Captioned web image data

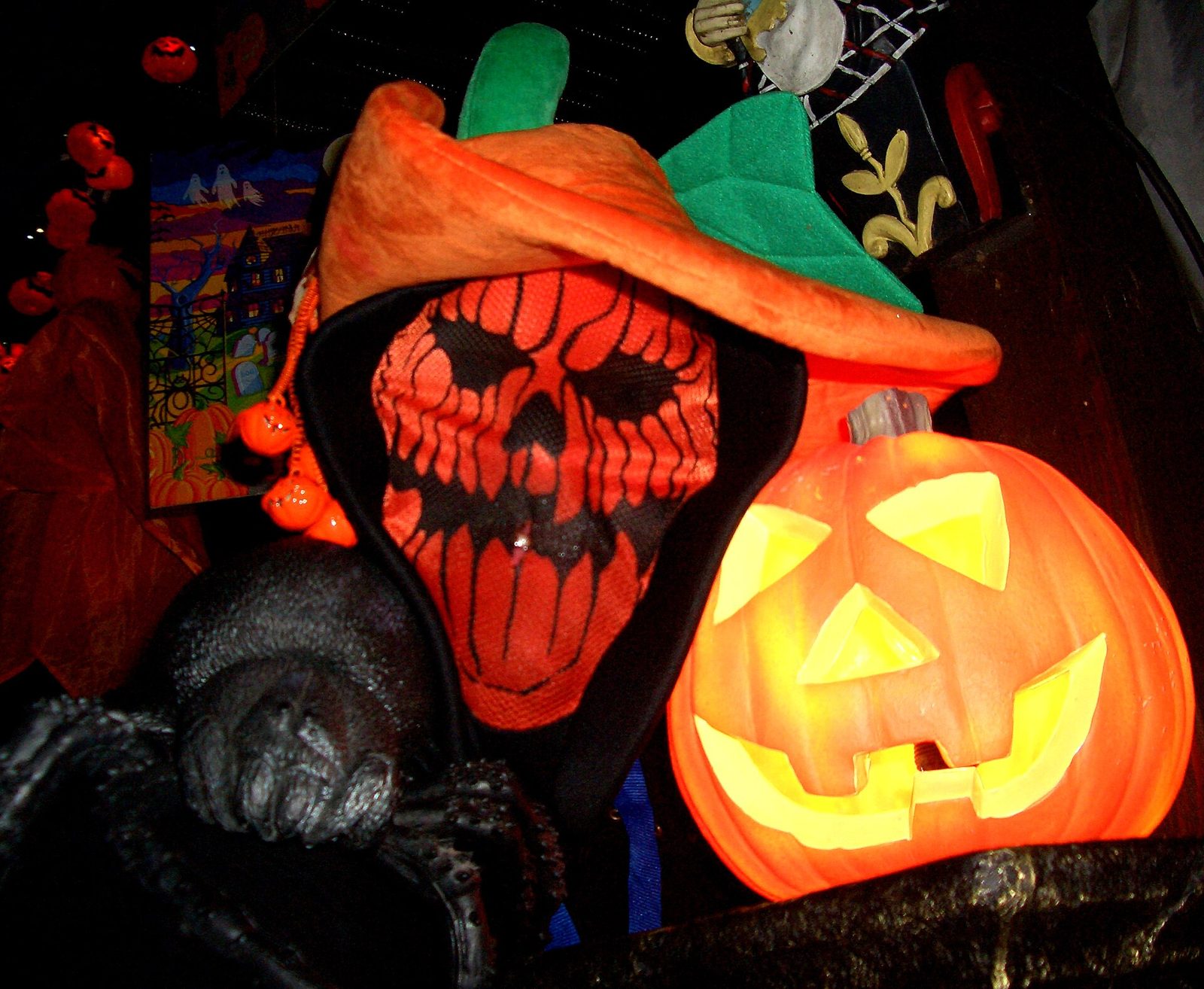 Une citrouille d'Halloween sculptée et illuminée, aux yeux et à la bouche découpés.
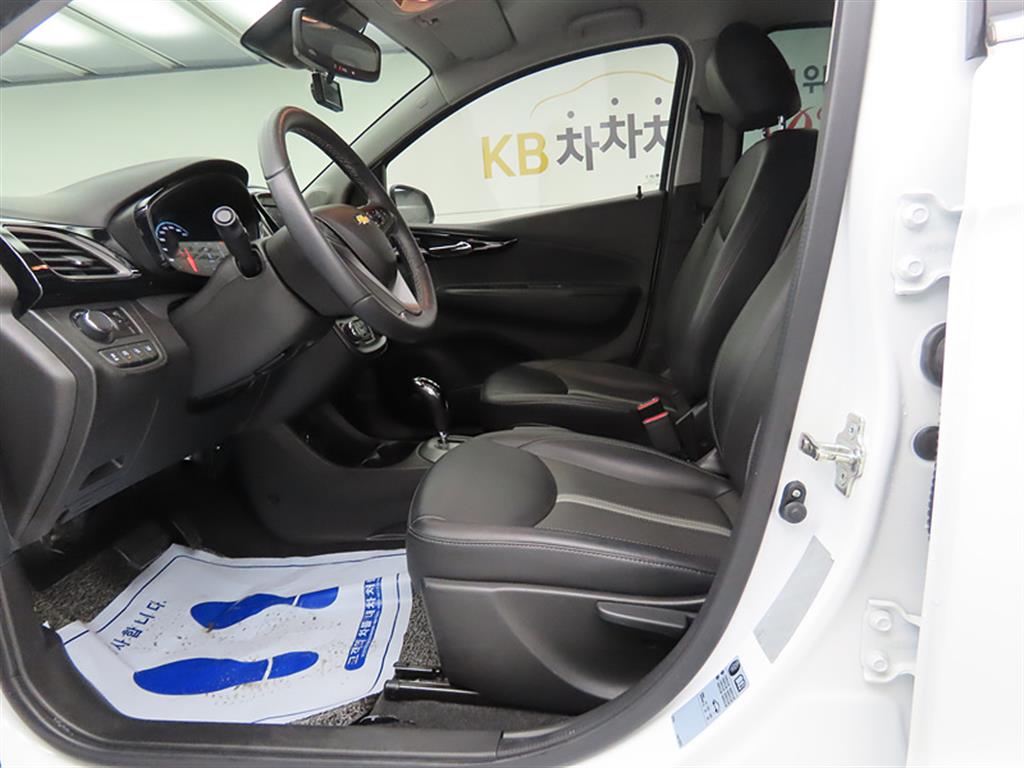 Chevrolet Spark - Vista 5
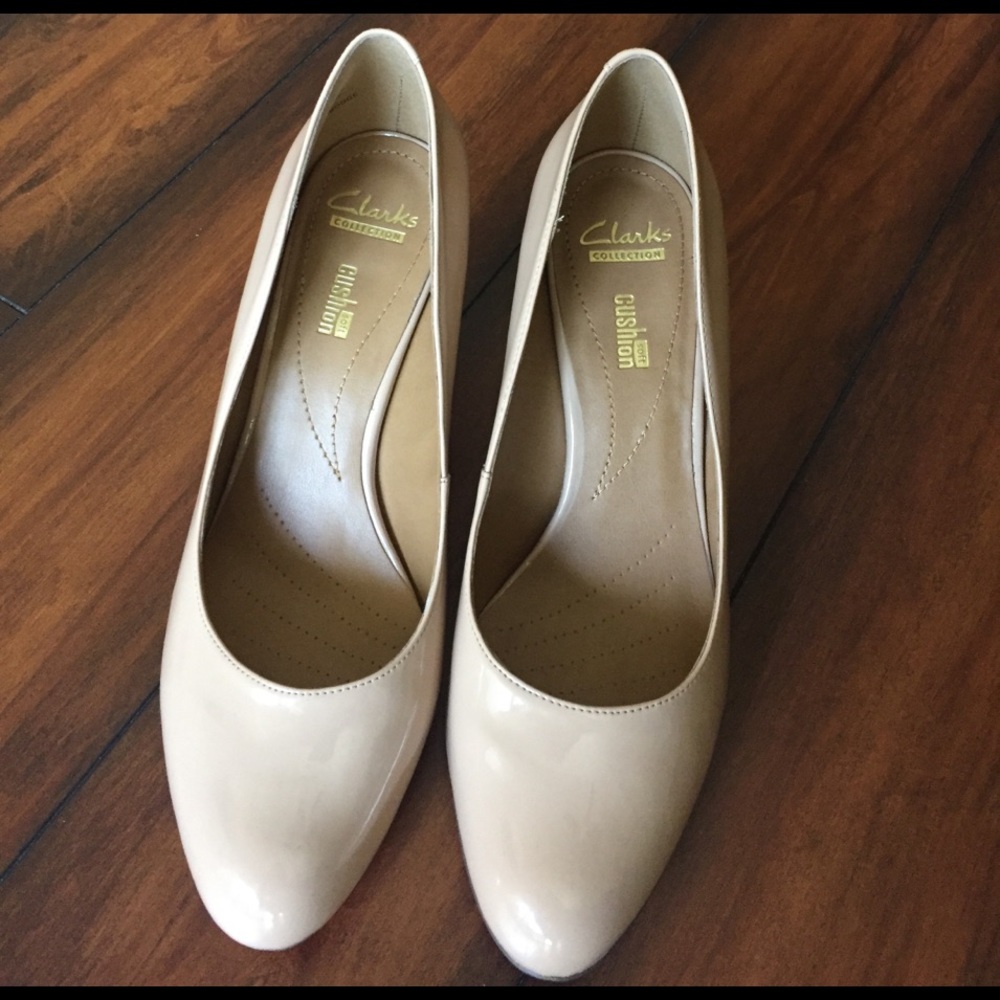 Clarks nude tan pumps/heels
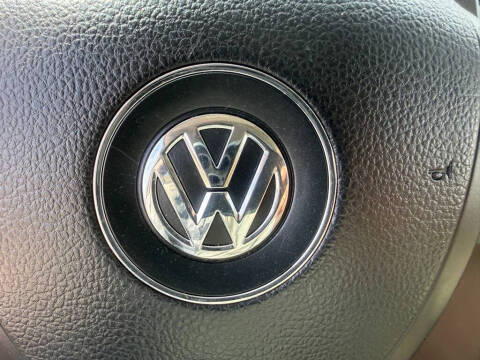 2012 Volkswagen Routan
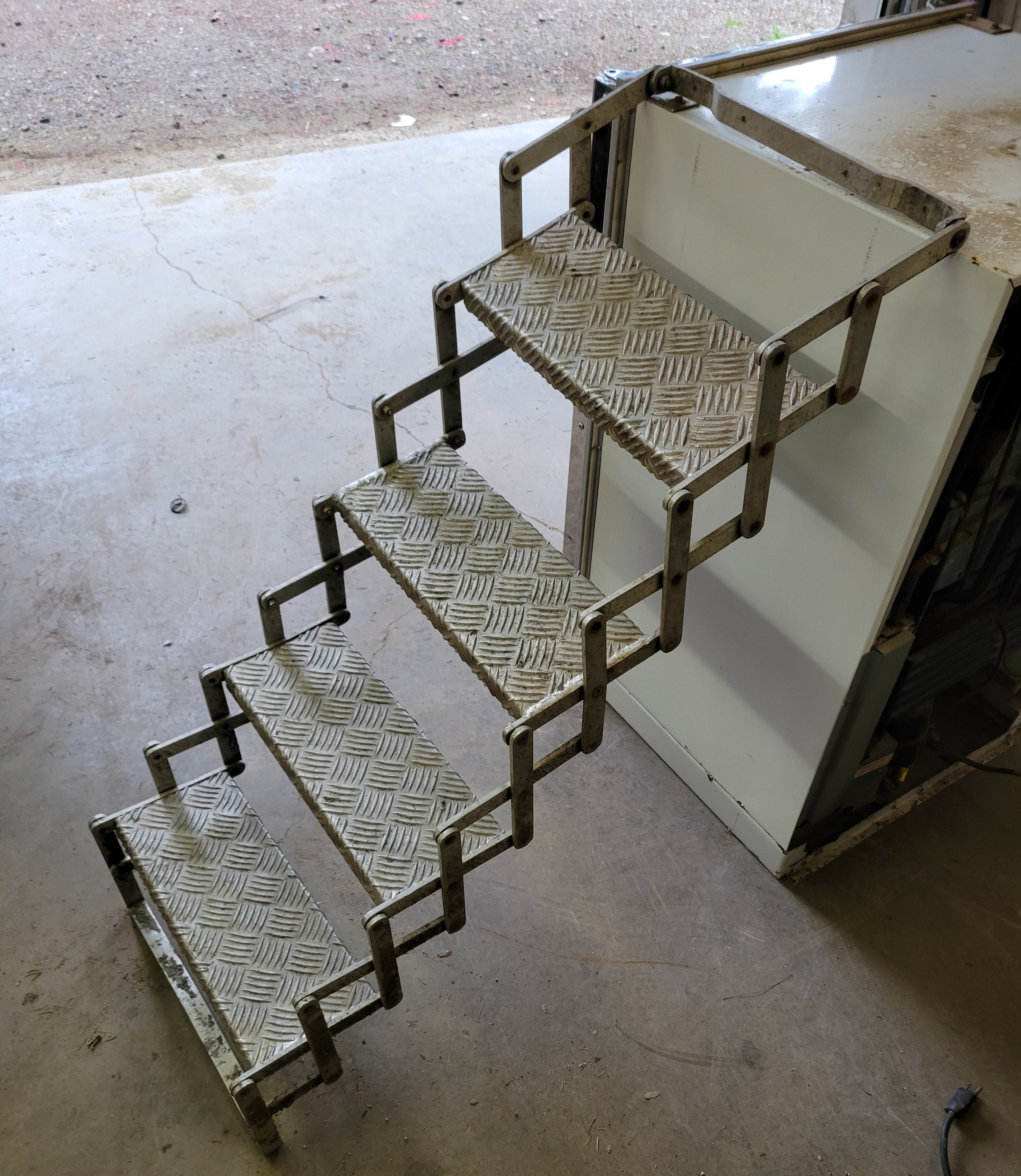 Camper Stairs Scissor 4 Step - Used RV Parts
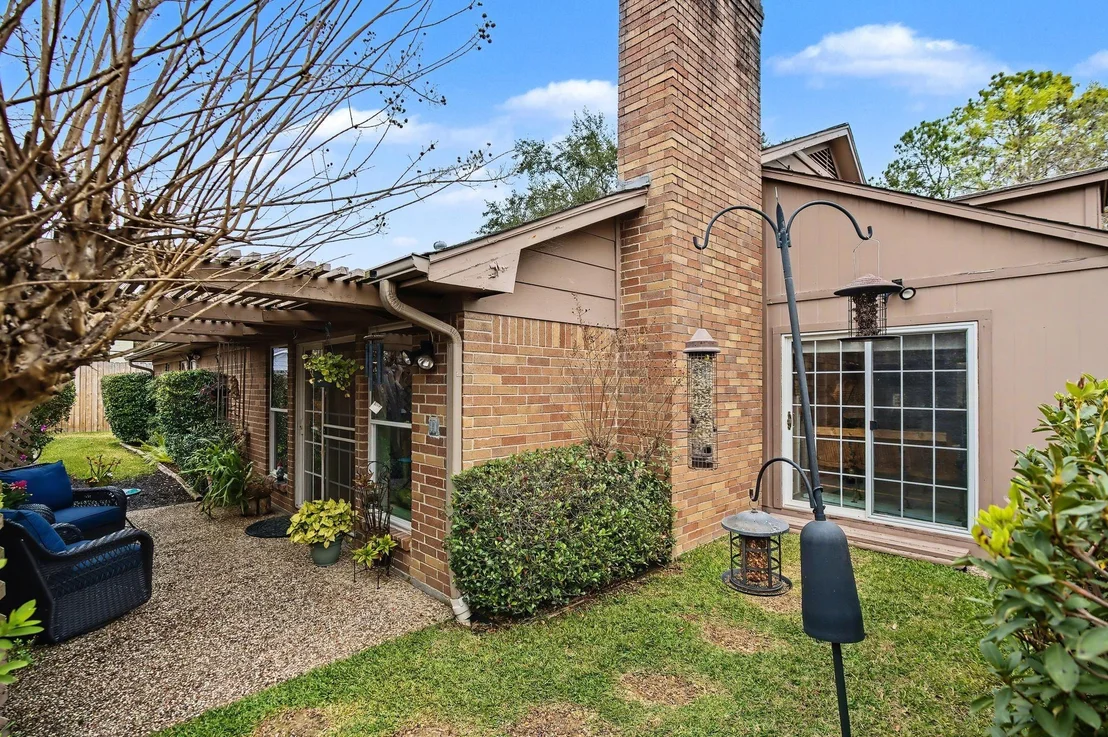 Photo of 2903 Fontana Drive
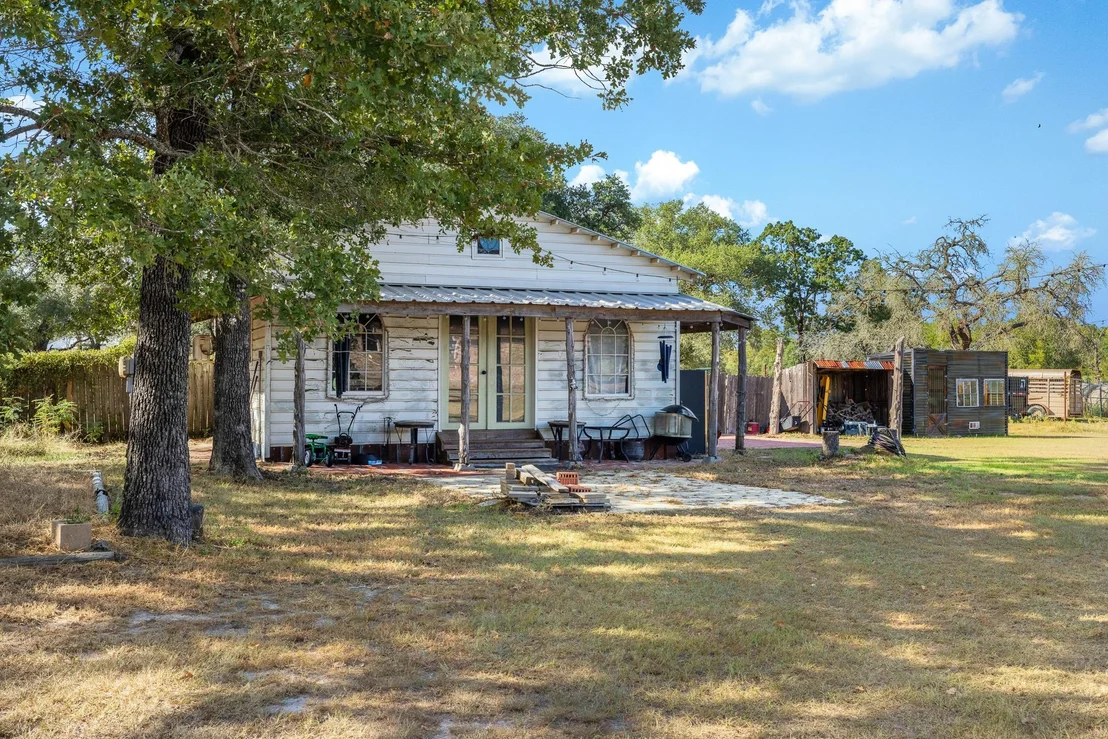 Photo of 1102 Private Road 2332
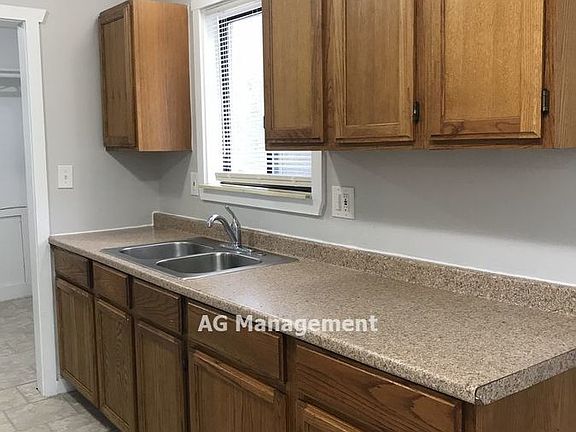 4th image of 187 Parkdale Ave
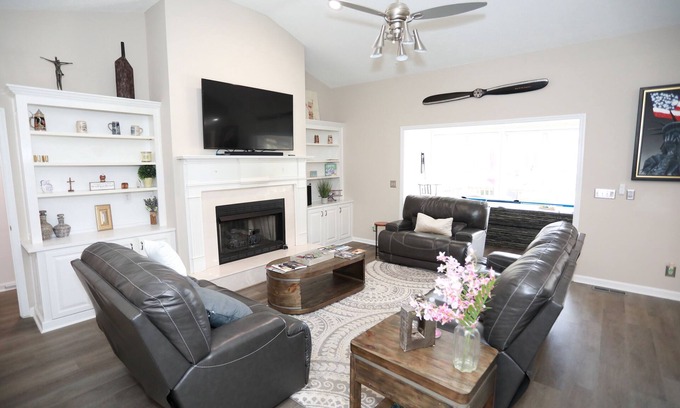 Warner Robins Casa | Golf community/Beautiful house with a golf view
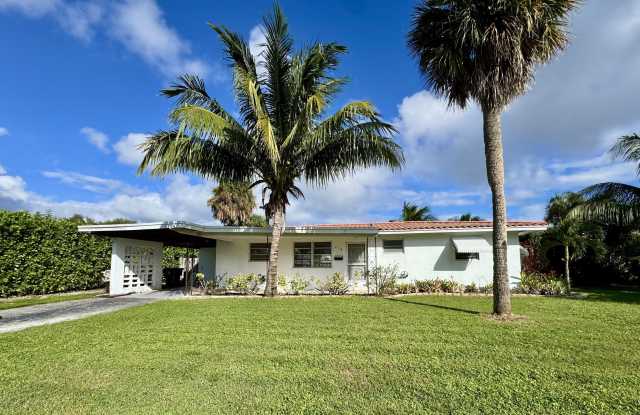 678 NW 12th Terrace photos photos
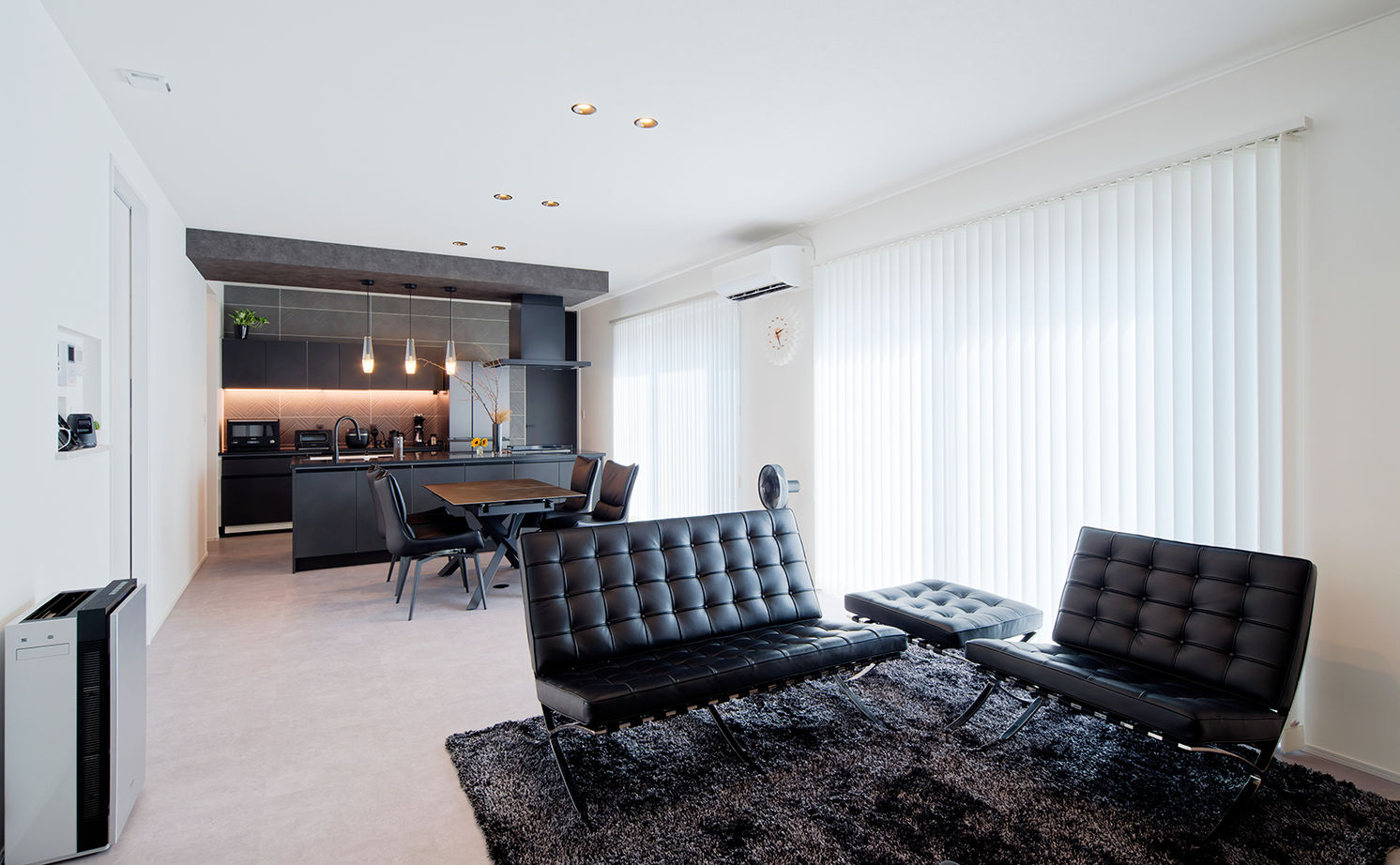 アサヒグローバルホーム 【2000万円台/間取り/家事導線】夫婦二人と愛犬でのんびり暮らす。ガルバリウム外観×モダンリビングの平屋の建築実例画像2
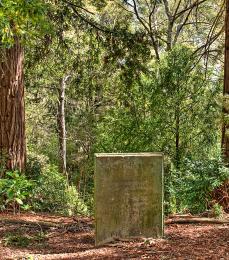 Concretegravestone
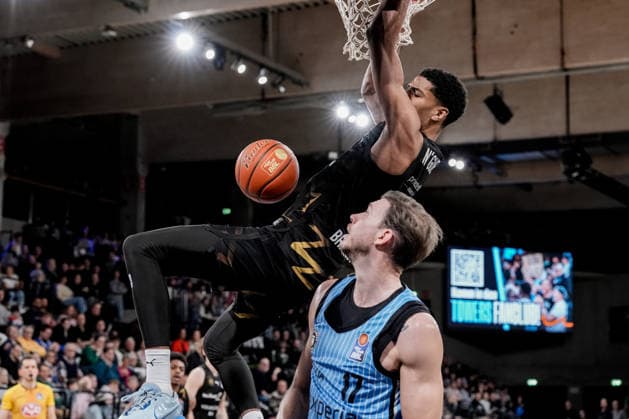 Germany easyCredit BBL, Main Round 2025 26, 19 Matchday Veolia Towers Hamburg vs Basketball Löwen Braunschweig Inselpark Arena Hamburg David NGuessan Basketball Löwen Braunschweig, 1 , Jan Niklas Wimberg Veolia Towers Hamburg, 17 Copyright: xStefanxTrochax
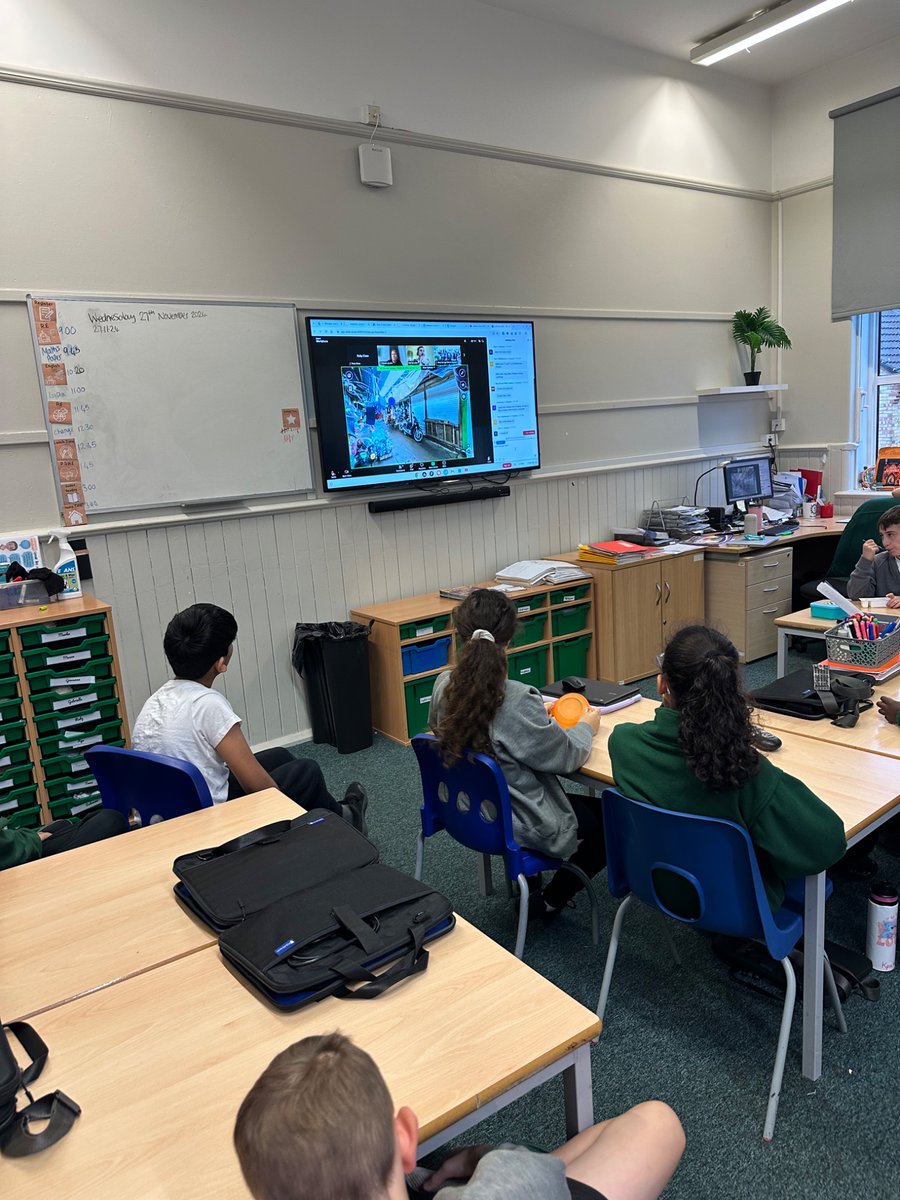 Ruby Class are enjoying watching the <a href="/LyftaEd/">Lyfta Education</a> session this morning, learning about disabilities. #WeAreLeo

* **DIRECTIONS**:
Please print exactly the lines from the one holding "Photo of 2903 Fontana Drive" through the final line of the data above, including both, and skip all pictures.

* **YOUR SOLUTION**:
 Photo of 2903 Fontana Drive
 Photo of 1102 Private Road 2332
 4th image of 187 Parkdale Ave
 Warner Robins Casa | Golf community/Beautiful house with a golf view
 678 NW 12th Terrace photos photos
 アサヒグローバルホーム 【2000万円台/間取り/家事導線】夫婦二人と愛犬でのんびり暮らす。ガルバリウム外観×モダンリビングの平屋の建築実例画像2
 Concretegravestone
 Germany easyCredit BBL, Main Round 2025 26, 19 Matchday Veolia Towers Hamburg vs Basketball Löwen Braunschweig Inselpark Arena Hamburg David NGuessan Basketball Löwen Braunschweig, 1 , Jan Niklas Wimberg Veolia Towers Hamburg, 17 Copyright: xStefanxTrochax
 Ruby Class are enjoying watching the <a href="/LyftaEd/">Lyfta Education</a> session this morning, learning about disabilities. #WeAreLeo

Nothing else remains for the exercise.